# Agent Identity (AID)

> Open protocol for AI agent authentication and authorization using Ed25519 cryptographic identity, OAuth 2.0 token exchange, and scoped JWTs — no passwords, API keys, or secrets to rotate.

Agent Identity (AID) is an open-source protocol built by Agent Messaging that gives AI agents a cryptographic identity for authenticating with OAuth 2.0 servers. Released under the MIT license, it is currently at v0.3.0 and aligned with RFC 8628. The core idea is that an agent's Ed25519 keypair *is* its credential — no shared secrets, no API keys, and no rotation schedules.

## What It Is

AID is an authentication and authorization protocol for AI agents. It extends standard OAuth 2.0 with a single custom grant type (`urn:aid:agent-identity`) so that agents can prove who they are and receive scoped RS256 JWTs that work with any API, gateway, or JWT middleware — without requiring AID-specific code on the target API side. The protocol sits at the identity layer underneath higher-level agent protocols like MCP (Model Context Protocol) and Google A2A.

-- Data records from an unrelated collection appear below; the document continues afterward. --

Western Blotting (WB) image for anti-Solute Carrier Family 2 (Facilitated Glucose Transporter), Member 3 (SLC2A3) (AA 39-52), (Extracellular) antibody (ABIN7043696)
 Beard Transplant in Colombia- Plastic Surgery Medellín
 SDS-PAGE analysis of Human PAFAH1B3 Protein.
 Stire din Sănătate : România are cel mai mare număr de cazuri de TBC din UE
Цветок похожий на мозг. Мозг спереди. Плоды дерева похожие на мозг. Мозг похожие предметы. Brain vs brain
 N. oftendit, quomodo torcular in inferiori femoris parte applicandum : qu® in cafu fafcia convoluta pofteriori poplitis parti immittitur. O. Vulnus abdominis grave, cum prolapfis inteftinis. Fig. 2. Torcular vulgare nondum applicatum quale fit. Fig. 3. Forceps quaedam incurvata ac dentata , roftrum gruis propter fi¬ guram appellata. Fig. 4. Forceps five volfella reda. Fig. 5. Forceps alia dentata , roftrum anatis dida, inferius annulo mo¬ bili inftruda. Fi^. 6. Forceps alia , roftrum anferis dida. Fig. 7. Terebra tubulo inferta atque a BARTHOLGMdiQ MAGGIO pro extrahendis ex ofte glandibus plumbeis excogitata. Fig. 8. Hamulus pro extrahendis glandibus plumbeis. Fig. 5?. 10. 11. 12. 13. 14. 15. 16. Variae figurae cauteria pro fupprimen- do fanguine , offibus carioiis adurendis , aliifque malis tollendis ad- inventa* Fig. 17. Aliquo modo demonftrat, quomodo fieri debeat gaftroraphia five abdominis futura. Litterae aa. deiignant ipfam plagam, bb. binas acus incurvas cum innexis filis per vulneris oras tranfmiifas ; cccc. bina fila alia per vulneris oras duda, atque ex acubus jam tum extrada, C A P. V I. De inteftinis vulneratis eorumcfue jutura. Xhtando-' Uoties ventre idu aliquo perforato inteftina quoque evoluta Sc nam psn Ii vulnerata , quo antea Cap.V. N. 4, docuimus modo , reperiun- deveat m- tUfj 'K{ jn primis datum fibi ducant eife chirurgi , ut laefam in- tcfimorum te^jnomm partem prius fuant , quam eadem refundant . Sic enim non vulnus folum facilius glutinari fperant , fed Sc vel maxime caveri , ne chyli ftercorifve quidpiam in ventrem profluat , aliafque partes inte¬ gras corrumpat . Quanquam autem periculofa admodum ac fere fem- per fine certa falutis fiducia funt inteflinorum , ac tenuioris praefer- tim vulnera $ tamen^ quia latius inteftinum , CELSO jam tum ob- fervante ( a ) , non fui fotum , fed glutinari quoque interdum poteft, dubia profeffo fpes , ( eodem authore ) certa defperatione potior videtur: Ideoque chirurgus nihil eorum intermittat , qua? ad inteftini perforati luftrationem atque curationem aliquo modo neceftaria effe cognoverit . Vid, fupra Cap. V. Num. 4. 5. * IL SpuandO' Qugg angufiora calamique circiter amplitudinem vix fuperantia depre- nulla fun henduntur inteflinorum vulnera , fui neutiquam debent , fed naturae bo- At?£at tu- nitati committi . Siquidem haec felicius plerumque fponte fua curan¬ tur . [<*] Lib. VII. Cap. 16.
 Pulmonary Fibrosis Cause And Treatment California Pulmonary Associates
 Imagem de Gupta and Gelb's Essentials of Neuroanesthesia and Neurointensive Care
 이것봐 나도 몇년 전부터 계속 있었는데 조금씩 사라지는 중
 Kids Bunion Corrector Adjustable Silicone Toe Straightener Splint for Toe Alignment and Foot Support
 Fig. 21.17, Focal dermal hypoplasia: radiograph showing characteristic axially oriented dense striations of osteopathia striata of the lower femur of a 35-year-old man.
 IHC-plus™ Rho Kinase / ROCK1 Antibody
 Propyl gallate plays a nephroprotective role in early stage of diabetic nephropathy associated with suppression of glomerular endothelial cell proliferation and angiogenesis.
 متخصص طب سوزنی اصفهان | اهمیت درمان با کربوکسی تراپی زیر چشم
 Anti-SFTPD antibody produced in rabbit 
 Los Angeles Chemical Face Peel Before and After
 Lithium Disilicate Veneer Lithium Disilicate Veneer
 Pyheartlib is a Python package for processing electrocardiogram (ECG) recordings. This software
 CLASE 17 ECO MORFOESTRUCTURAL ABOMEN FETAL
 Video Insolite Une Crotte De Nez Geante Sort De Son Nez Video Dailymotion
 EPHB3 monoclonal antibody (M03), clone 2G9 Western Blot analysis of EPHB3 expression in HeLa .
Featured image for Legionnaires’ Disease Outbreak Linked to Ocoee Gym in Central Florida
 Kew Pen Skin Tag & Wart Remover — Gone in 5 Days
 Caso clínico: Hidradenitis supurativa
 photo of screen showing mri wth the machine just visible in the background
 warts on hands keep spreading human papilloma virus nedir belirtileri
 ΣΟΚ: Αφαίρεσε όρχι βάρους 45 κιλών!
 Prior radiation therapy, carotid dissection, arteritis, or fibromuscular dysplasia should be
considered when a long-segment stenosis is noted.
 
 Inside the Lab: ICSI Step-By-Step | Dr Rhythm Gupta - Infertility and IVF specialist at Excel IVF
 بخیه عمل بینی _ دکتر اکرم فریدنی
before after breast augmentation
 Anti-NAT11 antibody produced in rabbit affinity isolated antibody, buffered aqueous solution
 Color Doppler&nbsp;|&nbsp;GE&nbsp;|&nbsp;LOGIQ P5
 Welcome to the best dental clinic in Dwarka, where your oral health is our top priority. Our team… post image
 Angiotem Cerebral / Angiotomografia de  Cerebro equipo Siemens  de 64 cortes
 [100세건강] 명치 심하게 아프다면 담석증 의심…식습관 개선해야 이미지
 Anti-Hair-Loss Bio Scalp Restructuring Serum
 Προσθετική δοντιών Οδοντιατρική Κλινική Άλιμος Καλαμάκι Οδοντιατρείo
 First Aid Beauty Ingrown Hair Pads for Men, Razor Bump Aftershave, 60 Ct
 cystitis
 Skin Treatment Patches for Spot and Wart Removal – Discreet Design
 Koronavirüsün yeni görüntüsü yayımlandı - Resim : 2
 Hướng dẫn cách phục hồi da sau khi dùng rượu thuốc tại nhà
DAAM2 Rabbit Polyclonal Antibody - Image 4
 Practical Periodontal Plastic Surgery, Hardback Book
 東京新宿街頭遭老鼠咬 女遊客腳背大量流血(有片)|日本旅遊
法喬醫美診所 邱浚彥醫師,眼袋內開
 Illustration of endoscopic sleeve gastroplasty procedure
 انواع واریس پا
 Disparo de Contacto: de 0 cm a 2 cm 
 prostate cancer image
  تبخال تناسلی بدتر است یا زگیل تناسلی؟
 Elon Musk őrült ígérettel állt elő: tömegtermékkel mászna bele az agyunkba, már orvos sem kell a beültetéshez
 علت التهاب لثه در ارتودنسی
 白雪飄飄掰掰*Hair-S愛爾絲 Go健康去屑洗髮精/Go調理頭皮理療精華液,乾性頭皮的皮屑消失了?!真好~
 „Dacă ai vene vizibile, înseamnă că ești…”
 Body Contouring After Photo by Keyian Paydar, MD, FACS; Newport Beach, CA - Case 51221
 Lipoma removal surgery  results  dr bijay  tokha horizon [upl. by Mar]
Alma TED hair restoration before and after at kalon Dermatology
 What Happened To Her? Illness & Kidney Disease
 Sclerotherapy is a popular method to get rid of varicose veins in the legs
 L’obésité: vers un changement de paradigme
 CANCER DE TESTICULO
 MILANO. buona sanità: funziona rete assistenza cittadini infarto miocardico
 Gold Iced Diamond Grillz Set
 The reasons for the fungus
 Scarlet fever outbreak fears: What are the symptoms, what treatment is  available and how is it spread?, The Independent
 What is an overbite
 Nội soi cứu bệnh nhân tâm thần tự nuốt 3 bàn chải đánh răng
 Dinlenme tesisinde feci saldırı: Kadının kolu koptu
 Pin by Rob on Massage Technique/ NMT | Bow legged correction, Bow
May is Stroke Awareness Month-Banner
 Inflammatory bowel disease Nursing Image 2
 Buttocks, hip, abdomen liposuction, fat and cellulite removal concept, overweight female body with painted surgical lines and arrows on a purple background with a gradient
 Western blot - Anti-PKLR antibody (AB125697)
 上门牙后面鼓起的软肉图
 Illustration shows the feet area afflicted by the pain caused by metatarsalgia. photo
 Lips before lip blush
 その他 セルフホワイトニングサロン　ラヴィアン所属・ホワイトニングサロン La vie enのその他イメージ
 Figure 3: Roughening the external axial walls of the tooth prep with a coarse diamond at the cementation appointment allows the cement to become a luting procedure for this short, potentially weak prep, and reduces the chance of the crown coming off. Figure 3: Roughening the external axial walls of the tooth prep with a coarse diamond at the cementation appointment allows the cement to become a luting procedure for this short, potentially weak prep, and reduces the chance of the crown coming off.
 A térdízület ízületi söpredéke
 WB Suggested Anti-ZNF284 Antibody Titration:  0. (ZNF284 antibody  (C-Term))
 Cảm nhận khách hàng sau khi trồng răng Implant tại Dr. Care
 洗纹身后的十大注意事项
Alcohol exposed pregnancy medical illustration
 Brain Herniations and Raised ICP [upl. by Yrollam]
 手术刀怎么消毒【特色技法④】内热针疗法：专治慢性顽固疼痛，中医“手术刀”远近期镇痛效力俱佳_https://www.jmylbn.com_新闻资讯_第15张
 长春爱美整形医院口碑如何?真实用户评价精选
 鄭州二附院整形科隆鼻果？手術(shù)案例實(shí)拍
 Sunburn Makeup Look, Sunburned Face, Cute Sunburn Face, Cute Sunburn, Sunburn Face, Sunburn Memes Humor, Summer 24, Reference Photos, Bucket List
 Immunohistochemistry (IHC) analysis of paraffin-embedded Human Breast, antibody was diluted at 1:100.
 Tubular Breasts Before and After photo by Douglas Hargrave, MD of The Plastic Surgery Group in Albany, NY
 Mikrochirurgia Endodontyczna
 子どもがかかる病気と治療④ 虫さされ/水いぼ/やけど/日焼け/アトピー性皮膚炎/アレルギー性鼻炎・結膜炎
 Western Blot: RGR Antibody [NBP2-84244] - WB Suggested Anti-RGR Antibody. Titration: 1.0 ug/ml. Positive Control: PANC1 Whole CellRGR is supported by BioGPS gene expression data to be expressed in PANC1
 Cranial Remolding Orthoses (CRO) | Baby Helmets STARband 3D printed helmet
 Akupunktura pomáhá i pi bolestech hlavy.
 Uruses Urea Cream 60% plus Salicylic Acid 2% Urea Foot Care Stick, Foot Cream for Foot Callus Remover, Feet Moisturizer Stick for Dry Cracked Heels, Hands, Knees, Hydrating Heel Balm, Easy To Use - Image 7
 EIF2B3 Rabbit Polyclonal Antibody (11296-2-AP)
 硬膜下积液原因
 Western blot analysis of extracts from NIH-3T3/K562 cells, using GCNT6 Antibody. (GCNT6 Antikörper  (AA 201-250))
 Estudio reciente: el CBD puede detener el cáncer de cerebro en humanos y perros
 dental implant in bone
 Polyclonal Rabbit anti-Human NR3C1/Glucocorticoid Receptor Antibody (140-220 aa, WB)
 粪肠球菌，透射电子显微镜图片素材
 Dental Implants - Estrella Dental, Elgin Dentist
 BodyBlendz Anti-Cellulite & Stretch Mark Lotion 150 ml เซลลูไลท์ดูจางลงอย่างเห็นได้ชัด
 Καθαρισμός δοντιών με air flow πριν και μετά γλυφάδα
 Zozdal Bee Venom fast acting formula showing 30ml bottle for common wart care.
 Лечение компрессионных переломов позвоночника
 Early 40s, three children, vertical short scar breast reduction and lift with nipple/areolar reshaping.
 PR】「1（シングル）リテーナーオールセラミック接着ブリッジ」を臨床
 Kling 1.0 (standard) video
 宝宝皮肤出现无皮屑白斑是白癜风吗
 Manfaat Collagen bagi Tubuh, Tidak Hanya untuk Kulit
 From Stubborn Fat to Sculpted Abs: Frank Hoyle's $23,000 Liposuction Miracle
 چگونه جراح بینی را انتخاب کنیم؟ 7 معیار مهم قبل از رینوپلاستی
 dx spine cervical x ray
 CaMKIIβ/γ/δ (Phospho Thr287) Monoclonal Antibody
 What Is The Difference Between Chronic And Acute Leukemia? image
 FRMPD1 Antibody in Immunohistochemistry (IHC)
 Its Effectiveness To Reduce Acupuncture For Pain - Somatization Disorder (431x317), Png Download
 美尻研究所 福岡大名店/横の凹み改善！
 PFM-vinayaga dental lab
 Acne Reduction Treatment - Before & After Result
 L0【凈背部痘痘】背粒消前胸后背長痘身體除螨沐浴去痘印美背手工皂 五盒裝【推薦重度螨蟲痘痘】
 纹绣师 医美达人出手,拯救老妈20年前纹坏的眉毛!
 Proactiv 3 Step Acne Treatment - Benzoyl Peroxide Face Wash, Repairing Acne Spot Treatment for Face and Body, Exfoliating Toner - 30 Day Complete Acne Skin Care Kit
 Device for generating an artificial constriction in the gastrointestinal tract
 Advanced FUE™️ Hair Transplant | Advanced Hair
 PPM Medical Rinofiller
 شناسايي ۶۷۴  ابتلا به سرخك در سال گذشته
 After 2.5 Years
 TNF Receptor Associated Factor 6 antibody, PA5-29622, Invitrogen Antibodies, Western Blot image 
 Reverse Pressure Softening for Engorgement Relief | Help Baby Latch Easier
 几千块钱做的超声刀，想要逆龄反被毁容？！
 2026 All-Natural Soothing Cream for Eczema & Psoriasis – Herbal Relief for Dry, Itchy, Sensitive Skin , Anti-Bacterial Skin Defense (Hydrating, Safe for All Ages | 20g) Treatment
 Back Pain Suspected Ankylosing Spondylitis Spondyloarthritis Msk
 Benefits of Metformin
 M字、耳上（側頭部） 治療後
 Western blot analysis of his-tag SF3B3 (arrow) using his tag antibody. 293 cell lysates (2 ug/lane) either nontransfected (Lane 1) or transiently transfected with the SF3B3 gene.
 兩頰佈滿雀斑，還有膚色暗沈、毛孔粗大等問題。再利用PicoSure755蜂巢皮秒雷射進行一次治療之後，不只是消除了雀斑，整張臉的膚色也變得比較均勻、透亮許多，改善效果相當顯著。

## How the Authentication Flow Works

The protocol involves three parties: a human admin, an AI agent, and a target API. The flow proceeds in four steps:

- **Admin creates a role** with specific permissions on the auth server (e.g., `tickets:read`, `users:write`)
- **Agent registers** its Ed25519 public key with the auth server (one-time, admin-authorized)
- **Agent requests a token** by presenting a signed Agent Identity document plus a timestamped proof of possession; the auth server verifies both and issues a scoped RS256 JWT
- **Agent calls any API** using the JWT; the target API validates it via the auth server's standard JWKS endpoint

Proof of possession uses a 5-minute validity window to prevent replay attacks. Token caching is built in, with a 60-second buffer before expiry and scope-aware cache keys.

## Two Registration Paths

AID supports two ways for an agent to get registered, both requiring human approval:

- **Admin-initiated**: The admin holds the agent's public key and registers it directly using `aid-register` with an admin JWT and a role ID. The agent can get tokens immediately after.
- **Agent-initiated (RFC 8628)**: The agent calls `aid-request`, which creates a `pending` registration and returns an `authorization_url` plus a short `user_code`. The admin visits the URL, verifies the agent's fingerprint, selects a role, and approves. The agent polls for status and begins getting tokens once approved.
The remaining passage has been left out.